# Analysing trades and journal analysis



## tom82 (9 October 2014)

Just wondering if anyone here analyses their trades and anlayses their journal.
Can anyone help me with these calculations.
I want to know the calculations if I was calculating these by hand.
Where can I obtain these calculations from?
I am interested in doing the following calculations:

Average P/L in $
Average P/L %
Average time in trade
Average Profit (winners)
Average Loss (losers)
Win %
P/L in $
Wins
Losses
Short trades
Long trades
Total weeks traded
starting balance
current balance

Recentl P/L
Last week
last 2 weeks
last 3 weeks
last month
Last month in $

Recent P/L %
Last week
last 2 weeks
last 3 weeks
last month

Average % return
Per week
Per month
Per year

Month on Month Analysis
Swing trading %
Day trading %
P/L in $
Total %

Thanks very much for your time and assistance

Tom


----------



## tom82 (23 October 2014)

Average P/L in $ = Sum of each trade profit & loss $ / Total number of trades

Average P/L in % = sum of each trade % profit & loss / total number of trades

Average profit = Sum of profitable trades $ / Number of win trades

Average Loss = sum of losing trades $ / number of losing trades

Win % = Number of win trades / total number of trades * 100

Average % return (per week, month etc) = % profit / number of weeks

Forecast full year % = weekly % * 52

weekly percent % * 4 weeks = % for month

Average return per trade = (Ending Equity - Starting Equity) / number of trades

Gain % = (Gain$ / Buy Price) * 100

Loss % = (Loss$ / Buy Price) * 100

Gain% or Loss% = 100 * (End Equity - Start Equity) / Start Equity

To average this over a number of trades you divide the result by the number of trades.

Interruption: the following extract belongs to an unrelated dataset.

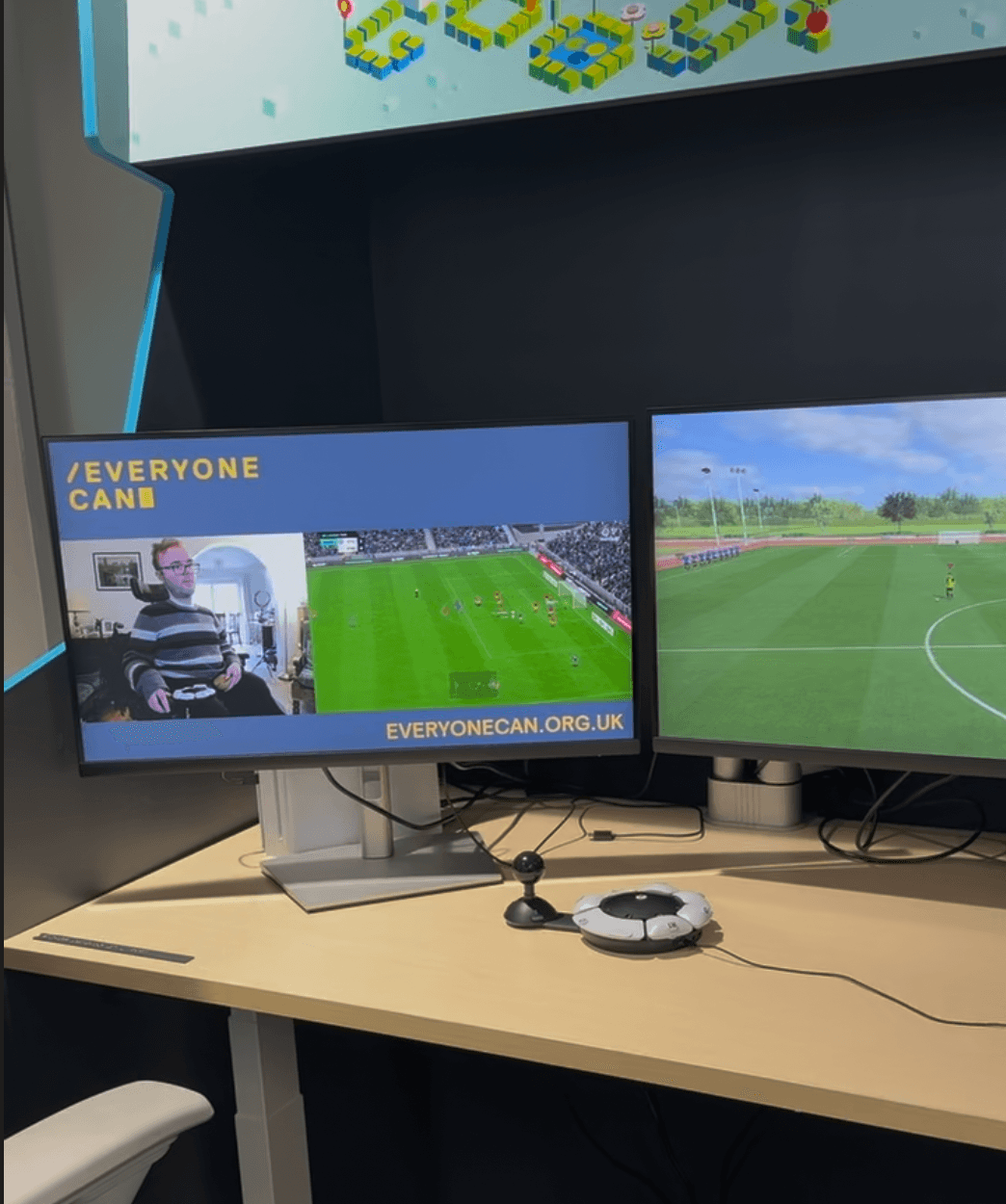An adaptive gaming setup at Google's Dublin Accessible Technology Lab, showing a switch-and-joystick controller on a desk in front of two monitors displaying an accessible sports game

Profit / starting balance x 100

Turns dollar profit into percentage profit

Weekly profit percent = profit for the week / balance at the start of the week x 100

P/L for each trade

P/L % = P&L / Account size

Change weekly percent % * 4 weeks = % for month to the following:

weekly percent % * 4.348 = % for month

In business and reporting: there is not 4 weeks in a month, its 4.348


----------